BioCLI: Improving command-line infrastructure for life scientists

A computer with coloured lines arranged to look like code

Vision

A collection of command-line environments and services, tailored to the needs of Australian life science researchers, deployed at the compute infrastructures they use, supporting both research and training.

The BioCLI Project aims to empower life scientists with user-focused CLI environments and services that reduce friction for processing and analysis of molecular data at scale.

Challenges

Data Complexity: Handling the growing scale and complexity of ‘omics data and complex analyses requires the flexibility, scalability, and control uniquely afforded by the command-line interface (CLI). 

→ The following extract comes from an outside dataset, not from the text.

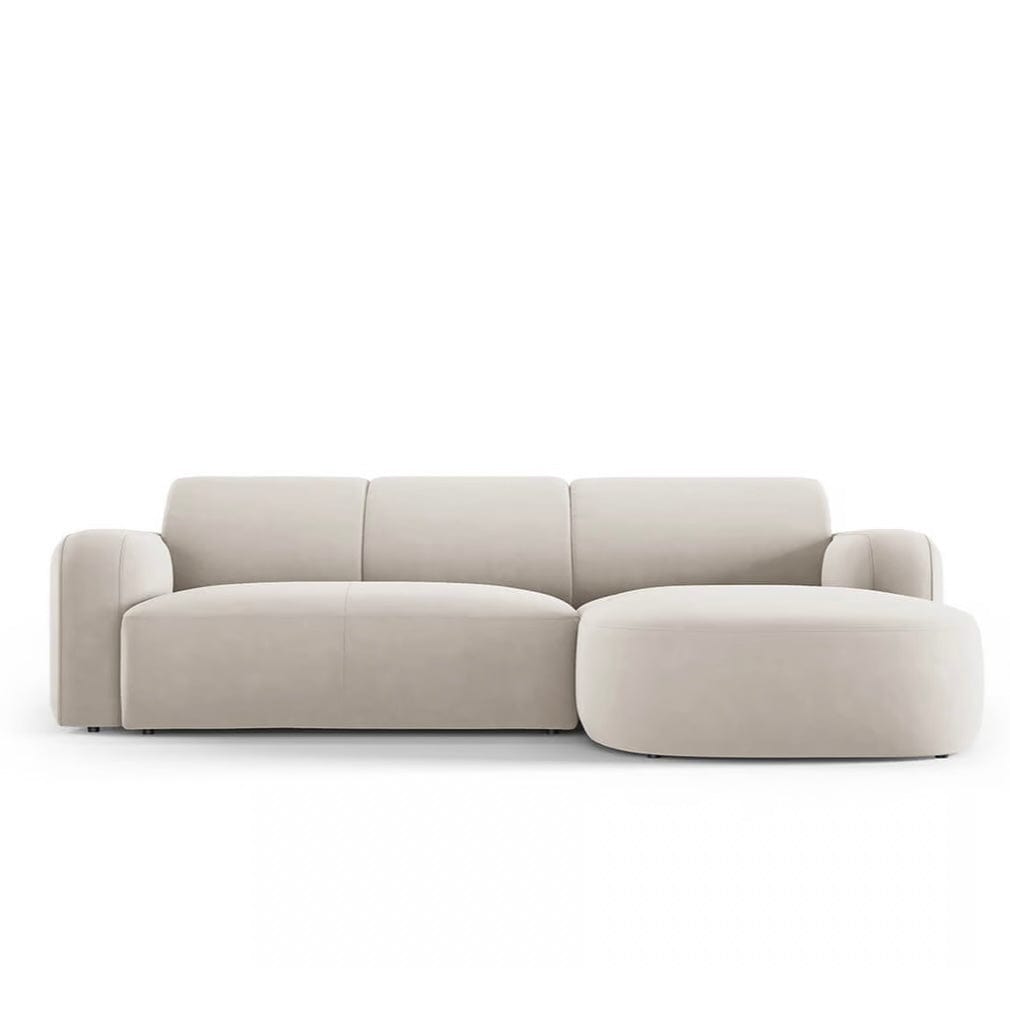 Home Atelier Carrie Scratch Resistant Sectional Curve Chaise Sofa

Varied methods and expertise: The diversity of bioinformatics data, scale of work, available tools presents significant challenges when configuring CLI environments. Most life scientists do not have the expertise required, and need to be empowered with the resources, skills, and knowledge to navigate CL environments and handle substantial workloads confidently and efficiently.

Current activities

Streamlining access and execution

Making it easier to access and execute bioinformatics software and workflows via the CLI by:

  • Enabling Nextflow plugins at NCI. Nextflow plugins are very popular in the Nextflow community, but they can be tricky to implement on different systems. A new version of Nextflow on NCI allows users to run plugins like nf-schema that streamlines workflow execution and parameter validation

  • Developing a custom Nextflow task monitor for national HPC job schedulers, including detailed cost reporting

  • Configuring national HPCs to better accommodate complex and long running bioinformatics workflows

  • Developing a simple Nextflow workflow template that assists newcomers to construct and configure workflows for execution on HPC and cloud systems.

Reference datasets

Enabling access to curated datasets that are needed for standard processing and analysis.

BioImage

A welcoming interface to HPC environments specifically created for bioinformatics users.

Training program

Empowering users to work at the CLI.

Hardware access

Facilitating wide access to specialist hardware by:

  • Developing code to run GPU-enabled structural biology tools like Alphafold on Pawsey’s HPC, Setonix


Project timeline

January 2024 - December 2026


Project partners

Australian BioCommons is collaborating with our partners at Sydney Informatics Hub, the National Computational Infrastructure (NCI), and the Pawsey Supercomputing Research Centre to deliver the BioCLI Project.